じっぽ当直日誌・スーパーマイルド@はてな

『さるさる日記』から続く、中年内科医の日常日記。これまでの分はこちら。http://touchoku.jugem.jp

梅雨入りと『ゲティ家の身代金』

 朝から雨の月曜日。
 今日から九州北部と四国が梅雨入りとのこと。
 なんだか今年は早いなあ、と思っていたのだが、平年より8日早く、去年より23日早いらしい。
 むしろ、去年が遅すぎただけなのか。

 ネットでインディ500の結果を見た。
 昨年優勝の佐藤琢磨選手は、今年は最初にリタイアしたドライバーになってしまった。
 もうあれから1年経つのか、あらためて考えてみると、このレースで日本人ドライバーが優勝したというのは、ものすごいことだったよなあ。
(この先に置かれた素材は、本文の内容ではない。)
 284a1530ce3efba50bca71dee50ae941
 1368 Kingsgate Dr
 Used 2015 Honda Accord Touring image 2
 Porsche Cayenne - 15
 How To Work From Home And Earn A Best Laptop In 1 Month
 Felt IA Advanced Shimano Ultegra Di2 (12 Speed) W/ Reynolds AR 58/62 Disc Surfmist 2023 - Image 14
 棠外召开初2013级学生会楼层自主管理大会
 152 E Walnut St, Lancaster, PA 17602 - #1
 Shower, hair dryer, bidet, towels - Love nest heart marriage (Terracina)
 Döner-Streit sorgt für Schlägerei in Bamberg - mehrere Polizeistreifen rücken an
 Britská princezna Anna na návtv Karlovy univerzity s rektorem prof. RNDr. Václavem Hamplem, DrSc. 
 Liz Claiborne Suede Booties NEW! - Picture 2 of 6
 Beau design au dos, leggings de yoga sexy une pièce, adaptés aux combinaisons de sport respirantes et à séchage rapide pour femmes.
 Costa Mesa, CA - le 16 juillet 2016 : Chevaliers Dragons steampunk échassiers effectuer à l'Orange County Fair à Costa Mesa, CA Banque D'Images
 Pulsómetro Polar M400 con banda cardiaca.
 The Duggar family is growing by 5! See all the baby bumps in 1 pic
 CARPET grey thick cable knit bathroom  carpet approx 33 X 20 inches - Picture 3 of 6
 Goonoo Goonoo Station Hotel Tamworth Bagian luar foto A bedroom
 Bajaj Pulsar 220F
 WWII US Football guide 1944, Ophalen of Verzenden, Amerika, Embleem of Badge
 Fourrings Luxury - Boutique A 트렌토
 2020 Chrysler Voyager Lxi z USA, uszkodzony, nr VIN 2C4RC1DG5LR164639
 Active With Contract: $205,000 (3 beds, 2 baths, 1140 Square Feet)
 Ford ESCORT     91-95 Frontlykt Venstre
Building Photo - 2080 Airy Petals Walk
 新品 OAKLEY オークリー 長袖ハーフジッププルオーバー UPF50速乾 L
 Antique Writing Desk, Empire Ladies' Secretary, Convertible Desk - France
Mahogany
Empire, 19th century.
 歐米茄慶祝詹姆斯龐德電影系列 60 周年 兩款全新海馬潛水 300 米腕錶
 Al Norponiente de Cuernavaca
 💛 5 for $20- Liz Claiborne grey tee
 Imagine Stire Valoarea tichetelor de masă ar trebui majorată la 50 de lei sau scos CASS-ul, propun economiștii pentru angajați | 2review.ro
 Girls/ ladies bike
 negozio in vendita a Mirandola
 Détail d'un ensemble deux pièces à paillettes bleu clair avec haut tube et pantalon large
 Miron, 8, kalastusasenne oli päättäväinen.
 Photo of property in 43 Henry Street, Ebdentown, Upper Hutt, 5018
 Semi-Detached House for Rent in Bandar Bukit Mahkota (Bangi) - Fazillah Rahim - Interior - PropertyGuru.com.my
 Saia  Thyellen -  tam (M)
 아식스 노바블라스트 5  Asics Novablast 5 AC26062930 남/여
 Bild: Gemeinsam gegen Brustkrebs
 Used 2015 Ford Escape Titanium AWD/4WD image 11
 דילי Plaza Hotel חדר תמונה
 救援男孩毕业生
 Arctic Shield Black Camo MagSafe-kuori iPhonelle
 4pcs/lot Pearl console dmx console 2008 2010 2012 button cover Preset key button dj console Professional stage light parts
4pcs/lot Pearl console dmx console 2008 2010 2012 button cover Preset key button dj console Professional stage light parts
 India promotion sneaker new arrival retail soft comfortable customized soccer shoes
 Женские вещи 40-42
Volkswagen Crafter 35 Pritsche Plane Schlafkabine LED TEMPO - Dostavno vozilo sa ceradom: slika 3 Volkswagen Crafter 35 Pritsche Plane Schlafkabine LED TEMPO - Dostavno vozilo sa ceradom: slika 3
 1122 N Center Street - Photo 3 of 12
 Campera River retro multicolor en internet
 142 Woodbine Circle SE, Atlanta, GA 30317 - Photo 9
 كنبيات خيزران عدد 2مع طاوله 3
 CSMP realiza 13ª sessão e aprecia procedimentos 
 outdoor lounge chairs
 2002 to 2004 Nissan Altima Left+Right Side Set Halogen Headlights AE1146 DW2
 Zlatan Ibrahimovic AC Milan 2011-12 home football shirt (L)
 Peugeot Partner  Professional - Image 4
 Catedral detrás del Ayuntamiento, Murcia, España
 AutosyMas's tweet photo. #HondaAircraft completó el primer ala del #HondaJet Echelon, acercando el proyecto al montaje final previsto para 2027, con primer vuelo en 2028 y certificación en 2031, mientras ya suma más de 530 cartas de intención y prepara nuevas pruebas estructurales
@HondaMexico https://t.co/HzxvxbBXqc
 仕事を終えたあと、雨も小降りになっていたので、少し離れた映画館へ『ゲティ家の身代金』を観にいった。リドリー・スコット監督。
 孫が誘拐されたにもかかわらず、「身代金を払う気はない」と公言した大富豪、ジャン・ポール・ゲティ。予告編を観たときには、「なんて酷い守銭奴のジジイなんだ……」と思ったのだけれど(だからこそ僕はわざわさ上映館が少なめのこの映画を観るために遠出してきたのだが)、この映画を観ていると、ジャン・ポール・ゲティの筋金入りの守銭奴っぷりに、むしろ清々しい気分にさえなってくる。彼は孫を愛していないわけではなくて、身代金にも「適正な値付け」を求めているだけのようにもみえる。
 正直、当時の彼の財産からすれば、身代金として要求された金額も「大金ではあるが、出したからといって致命的なダメ—ジを食らうような額ではない」のだ。
 そして、彼は同じくらいのお金を出して、美術品を躊躇なく買っている。
 結局、ドケチのようにみえるけれど、「自分の値付けに見合わないものには、たとえ孫の命がかかっていても、お金を払いたくない人」なんだよなあ。
 でもなあ、あのゲティ家の人たちなら、お金もどこかから引っ張ってこられそうな気がするのだが……
 お金って、全くなければ人と人との繋がりを断ちきってしまうことが多いし、ありすぎると、人というのは個人としてやりたいことをやるようになってしまうのではないか、と感じている。
 ハリウッドスターとかは、結婚してもみんな離婚して、莫大な財産分与や慰謝料に追われているようにみえるし。
 正直なところ、とにかく「スッキリしない映画」だ。
 だが、この映画がすごく消化不良に感じられるのは、現実が消化不良だからなのだろう。
 お金があれば幸せになれるとは限らないけれど、お金がなくても幸せ、と断言している人は、なんだか胡散臭く感じるのだよなあ。